While Cole’s academic horizons expanded, family obligations changed the trajectory of her studies. Deborah Cole, Cole’s mother, received devastating medical news just before the pandemic. She was diagnosed with an aggressive form of breast cancer. At the same time, Cole’s grandmother was struggling with dementia. Hearing her mother was battling for her life prompted Cole to pack up in the middle of the night and drive to Houston. That unexpected return to Texas, could have brought Cole’s studies to a halt.
“You have no idea how proud I am of her,” said Marcella Carnes, Ph.D., longtime friend, confidante, and fellow FAMU-FSU College of Engineering graduate. “A year ago, we didn’t know this was going to happen.
“Nemmi has had to overcome so much,” Carnes said. “To have the fear of losing someone so close – and now, ‘my mom is going to watch me earn my doctorate.’’’
As Cole and her mom – now cancer-free – completed the almost 700-mile trip to Tallahassee this week, she said taking the stage will be an emotional moment.
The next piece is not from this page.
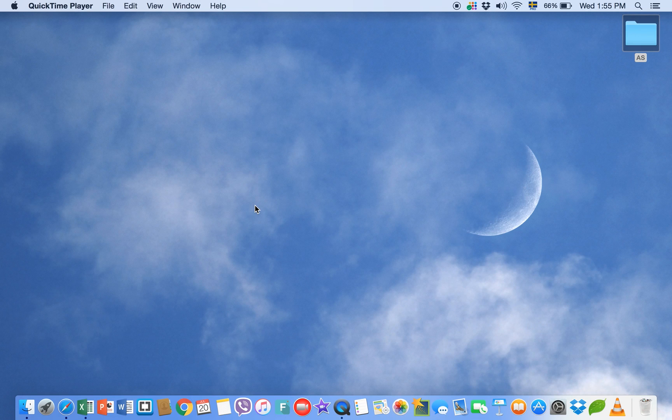Hi viewers, welcome to another video. Today I am going to show you how to clean cache on your Macbook.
“I think there will be a lot of tears. I am trying to get them out now,” she said, with a little laugh. “This process has been very hard . . . but this degree is bigger than me. It belongs to Mom because of the sacrifices. While she was dealing with radiation, chemotherapy, and the loss of her hair, she was asking every single day what she could do for me.”
During those times, laptop in hand at countless doctor’s visits in Houston, late-night support calls and prayers, the duo fought on. Cole even shaved her own head as visible support for her mom, seeing her hair fall away. Yet, she never fully let go of her studies. She also had to cope with an even more personal struggle: a lifelong, severe case of ADHD.
“That’s the thing about Nemmi,” Carnes said. “She is a driven, motivated individual who is very goal-oriented. Nothing will stop her.”
It was difficult to focus on a dissertation that speaks to Cole’s early interest in science and math, and the motivation that she later had after learning of Flint, Michigan’s disastrous water quality. Somewhere, somehow, she completed her dissertation, “A Cross-Sectional Population Based Investigation: Analyzing the Association of Water Quality and Socioeconomic Variabilities in the State of Florida.”
Cole plans to take all she has learned about water, education, and perseverance to a classroom because she wants to teach; perhaps she will become a professor, an environmental consultant or post-doctoral student to help others reach their full potential.
“The Flint situation really motivated me,” she said. “Water quality should be for all people; it should not matter what your economic situation is or the color of your skin.”